RUP can have a life-sapping effect - a demotivating effect - an alienating effect - the effect of draining meaning from life; and I experienced this myself over the past week and a bit during which I have been trying to finish a big theoretical paper on the subject of Group Selection in Biology (from the perspective of Systems Theory) - and when I have experienced a cumulative inner resistance, a dysphoric sense of boredom, futility and angst about the project. Yesterday I got to the point when I was unable and unwilling to proceed, and resolved to abandon the project for a while.

 Today I cracked-open a newly purchased book - History, Guilt and Habit, by Owen Barfield, and read a couple of pages of the chapter on Evolution. Suddenly it became clear that I was suffering from the effects of Residual Unresolved Positivism - and I immediately felt cured: I also felt motivated, enthused and excited.

Until that exact moment, I had been wondering whether I was actually physically ill, with some subclinical infection or autoimmune disease or something - so profound was my demotivation. I felt that I ought to be getting on with the group selection paper, I couldn't; but I couldn't get myself to do anything else, because I felt I ought to be working on the paper...

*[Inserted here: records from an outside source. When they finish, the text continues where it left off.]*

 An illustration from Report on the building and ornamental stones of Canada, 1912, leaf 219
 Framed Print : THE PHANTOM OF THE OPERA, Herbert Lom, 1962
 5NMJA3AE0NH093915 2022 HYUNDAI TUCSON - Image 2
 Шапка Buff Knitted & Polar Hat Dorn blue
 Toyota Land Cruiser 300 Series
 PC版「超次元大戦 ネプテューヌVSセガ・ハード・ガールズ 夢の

The problem was quite simple. Because I was writing the paper for a biological audience, I was constrained by staying within the biological paradigm - which lies within positivism, and strictly excludes any religious or even metaphysical material.

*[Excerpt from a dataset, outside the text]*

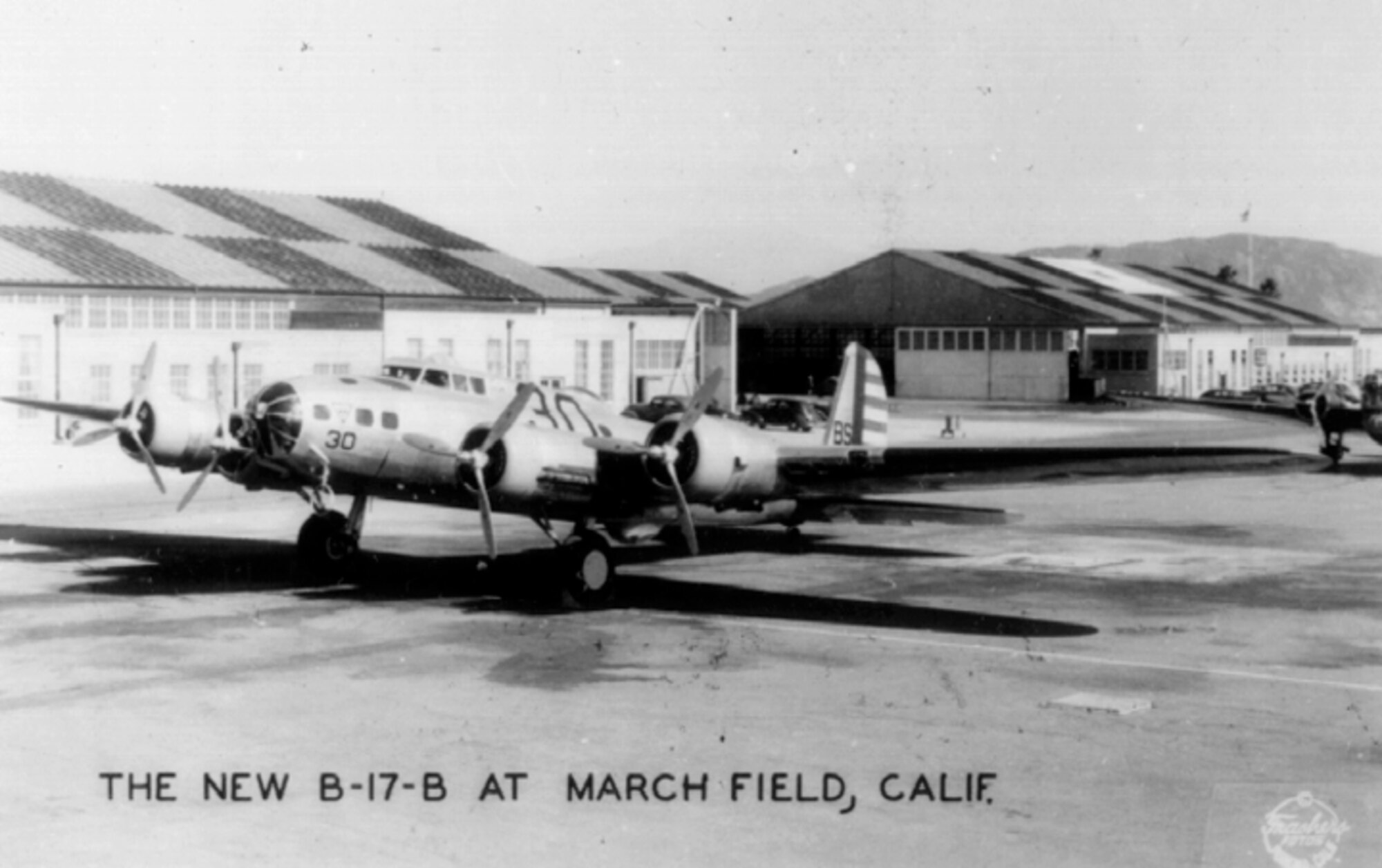 Historic March Field - 13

(It would, in any case, be utterly self-defeating if it was included - since 99% (approximately!) of biologists are actively atheist, and would instantly write off anything even hinting at Christian assumptions.)

As always, when I am working on theoretical science, I was intensely absorbed in thinking about group selection, and indeed had been for some weeks. By this I mean devoting a level of sustained and recurrent time and effort to thinking about the problem, to a degree which most people have never done on any subject - because this is what is required for theoretical endeavour.

[For instance, I had been thinking on and off, and hard, about the nature of depression for about fifteen years before I made a breakthrough in 1999. Of course there is reading, observation and conversation (also sometimes experimenting) - as well as thinking. But for genuine theoretical work, the proportion of thinking to empirical input is several-fold in favour of just-thinking. Since thinking (and even reading!) does not count as an academic, scholarly or scientific activity (if an academic was to say they had been 'thinking a lot' recently, they certainly would be regarded as making a feeble excuse for doing nothing at all; this goes some way towards explaining the dire state of modern intellectual discourse.]

However, this focused intensity on Group Selection meant that I was trapping myself - for long intense, recurrent periods - inside the positivistic biological world view.

I was trapping myself therefore inside a world without meaning and purpose  - a dead world without God.

And it was this which was cumulatively demotivating me - because it removed all genuine significance from my task (which by default just became a matter of ego, careerism and the like).

It just took attention to those few words from Owen Barfield to remind me of what was real and matters... and I was free!


(But modernity is implicitly and pervasively positivist; and most modern people never do acknowledge the falsity of positivism and the metaphysical realities I share with Owen Barfield - so presumably most people remain trapped inside a world of meaninglessness and purposelessness and are motivated only by ego, careerism and short-termist pleasure; without any hope of escape because they do not acknowledge anywhere they could escape-to.)